The McAuslan Stories

I just finished reading The Complete McAuslan by George MacDonald Fraser.  Or, rather, re-reading it, for at least the fifth time.

Fraser passed away recently, but was a remarkable author.  He fought in WWII in the Burma campaign, serving in The Border Regiment.  After the War, he was selected for officer training and became a Lieutenant in the Gordon Highlanders.  After demobilization, he spent a number of years working in newspapers, before turning his attention to fiction and screenwriting.

Fraser is probably best known for his Flashman books, some of the most meticulously-researched historical novels ever written.  However, the title character is an anti-hero; he is a misogynistic coward whose advancements are based by taking credit for the actions of others.  I love the history in the Flashman books, but I really don’t like the character and have only read a couple of the novels.

My favorite works by Fraser are Quartered Safe Out Here and the McAuslan stories.  Quartered Safe Out Here is Fraser’s memoir of fighting in the jungles of Burma.  It is quite possibly the best first-hand narrative of WWII.  I intend to write a separate post just on that book.

Several years ago, a friend suggested that I read The Complete McAuslan.  At first, I had a hard time getting into it.  I had expected a novel, with a logical chronology.  Instead, this is a collection of short stories, all set within about a two-year period, but not presented sequentially.  The stories were originally published in three volumes, but are now more commonly available as a complete set.  (Note:  the original collections were The General Danced at Dawn, McAuslan in the Rough, and The Sheikh and the Dustbin.)
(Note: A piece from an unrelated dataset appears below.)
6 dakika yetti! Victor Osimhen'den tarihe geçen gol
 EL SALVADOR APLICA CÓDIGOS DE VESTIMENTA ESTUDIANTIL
The stories were originally published as fiction, inspired by Fraser’s experiences as a post-war officer.  However, he eventually admitted that the stories were true, although he fictionalized certain elements and combined some of the characters so as not to embarrass his former comrades in arms.

Fraser’s use of the English language is quite remarkable.  His journalistic training gave him a powerful command of descriptive language.  He was also highly talented at transcribing dialects; his characters range from the aristocracy to the Glasgow gutters, and their backgrounds and personalities are reflected in their dialogue.

Many of the stories are humorous, and I admit to laughing out loud while reading them.  But by the time I reach the end, I feel rather melancholy.  The stories describe a bygone era.  The older officers and sergeants reminisce about the First World War.  Most of the stories describe life in the barracks and messes, but in the collapse of the British Empire, the garrisons get turned out to keep the peace and prove their worth.

The characters are fascinating, from Private McAuslan, the “dirtiest soldier in the world”, to the massive Wee Wully and the debonair but cold-hearted Captain Errol.  Fraser deftly weaves in the traditions of the great Gordon Highlanders, without resorting to back-stories or footnotes; they are simply part of the lives he portrays.

I cannot recommend these stories enough.  Most of them are funny, some are exciting, a few are nostalgic to the point of sadness.  Even though The Complete McAuslan is typically listed as fiction, it belongs on the bookshelf of anyone interested in the history of the British Army, particularly the period just after WWII.  The descriptions of life on the parade ground, in the barracks and on exercise are based on the author’s personal experience, and have a tremendous feel of authenticity to them.

Note:  The Complete McAuslan is not always readily available in the United States; I ordered my copy through Amazon UK.